Wednesday, June 10, 2009

Authors that Reedies are pretentious enought to read

A website has documented the uncanny resemblance between Michael Pollen (author of The Omnivore's Dilemma) and Michael Foucault (quasi-philosopher). It is actually really easy to identify which is which from context (backgrounds, clothing, etc), but without such contextual cues it would be nearly impossible since they look more identical than most of the identical twins I have met.

(Hat tip Matthew Yglesias)

Essay

The students that I have who are both older and more advanced English speakers have to write an essay every week (the younger ones just write journals). This month I nominated a girl named April for the journal/essay of the month. (An amusing side note: April chose her English name in the month of April, and the administrators clearly use 'find and replace' each month to make the attendance sheets, because in May her name on the attendance sheet was May, and now it's June. At least those are still girls' names...) Anyway, here is her unedited essay in response to my question "Should only boys play baseball and only girls play softball, or should boys and girls both play the same sports?"

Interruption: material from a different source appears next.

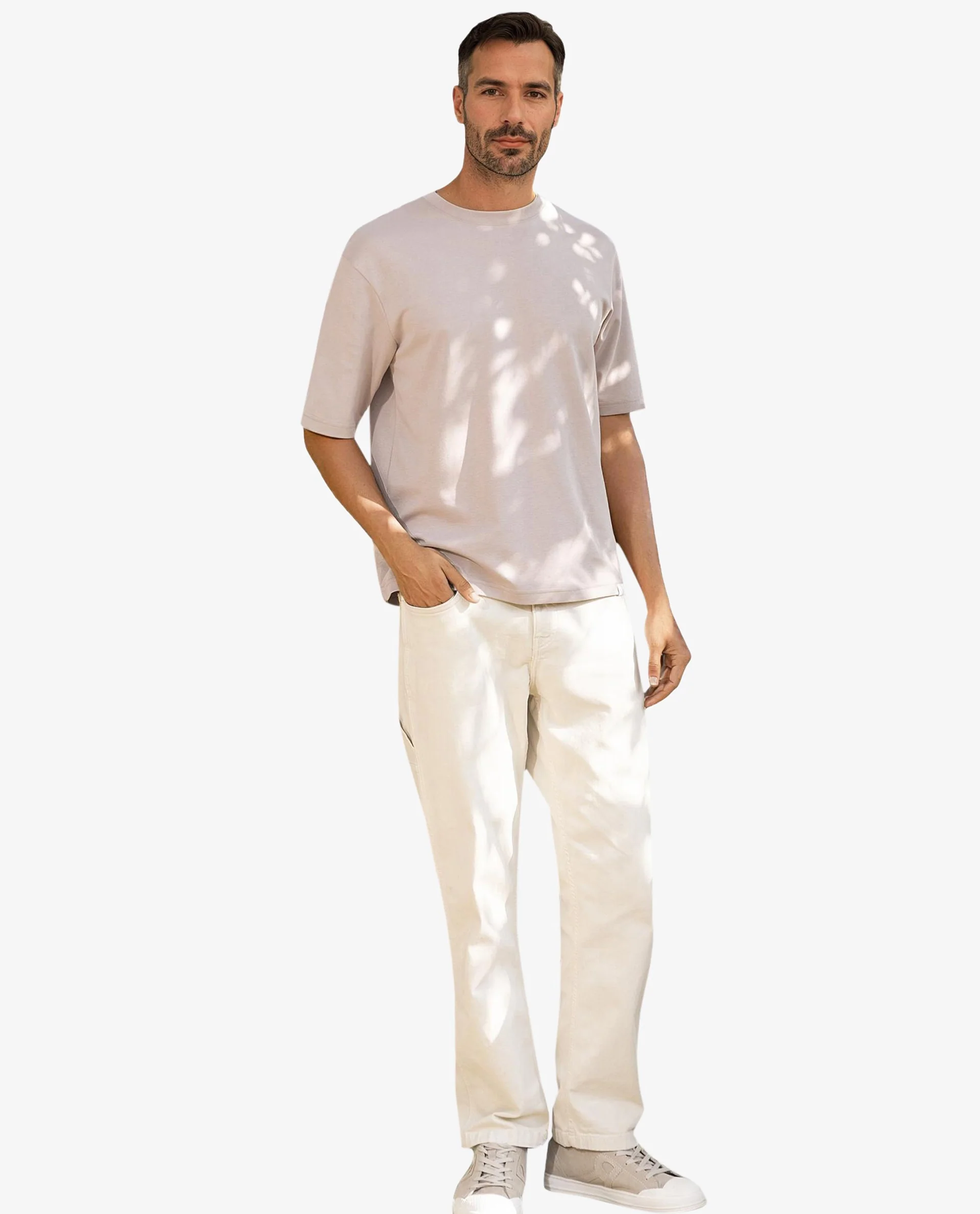 Rare Rabbit Men's Qlo Dusky Pink Cotton Blend Plain Oversized Fit Half Sleeve Crew Neck T-Shirt - Image 3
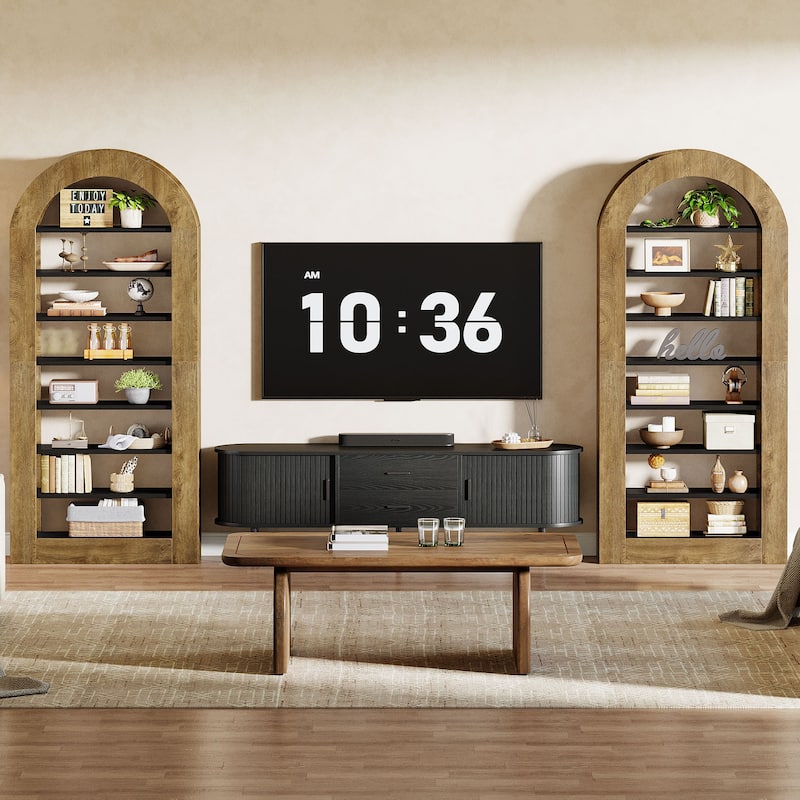 70.9" Tall Arched Bookcase, 8-tier Modern Bookshelf for Living Room - 11.81" D x 31.5" W x 70.9" H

Girls also can do sports. but many people think girls are weak. Ha! fiddlesticks! Many Women success until now.
Girls can do any sports. I'm girl, I can play soccer, table tennis, baseball, softball, tennis, etc. So, people can't say 'girls are weak!' in front of girls.
In the world, there are many strong girls or women. In Korea, like Mi-ran-Jang. She is a famous weight lifter. She picked up the very big dumbbell. (weight 112kg)
We must play sports, with boy. Girls and boys will mix. example, in one team, boys 2, girls 2. as I said, We must both play the same sports.
We will equality.
You have to throw away 'girls are weak' biased.


I have actually nominated the last three months' winners for journals/essays of the month. April's essay isn't nearly as good as the other two in terms of grammar, structure, or the essay's arguments (the other two kids write at about the level of someone six years older, and they're writing in their second language) but I liked the sentiment and the "Ha! Fiddlesticks!" line tickled me.

Daejeon Transportation

It turns out that you can't take bikes on the subway in Daejeon. Or rather, you aren't supposed to. Today is Lindsay's birthday, so we went out to Indy to eat. As we were leaving it started to rain hard, so Will and I decided we'd rather take the subway than soak our dress clothes biking home. We were stopped by someone who works in the subway, who told us that we couldn't bring our bikes on board. However, she saw the rainwater on our shoulders and thighs and took pity on us (plus, being a foreigner lets you get away with a lot in Korea since they want us to leave with a favorable impression of the country). She did tell us not to take our bikes up and down the subway, which we thought was both unspeakably obvious and suddenly very tempting to try. One really could ride down the Daejeon subway since there are no barriers between the cars, and had more people gotten off before our stop I bet we would have given in to our whims, consequences be damned. Oh well.

Monday, June 8, 2009

Adventures in Solitude, take 2

I have Monday off this week, so I decided to go back to Jirisan National Park, now that it is open. This time my travels had a much greater resemblance to the original plan.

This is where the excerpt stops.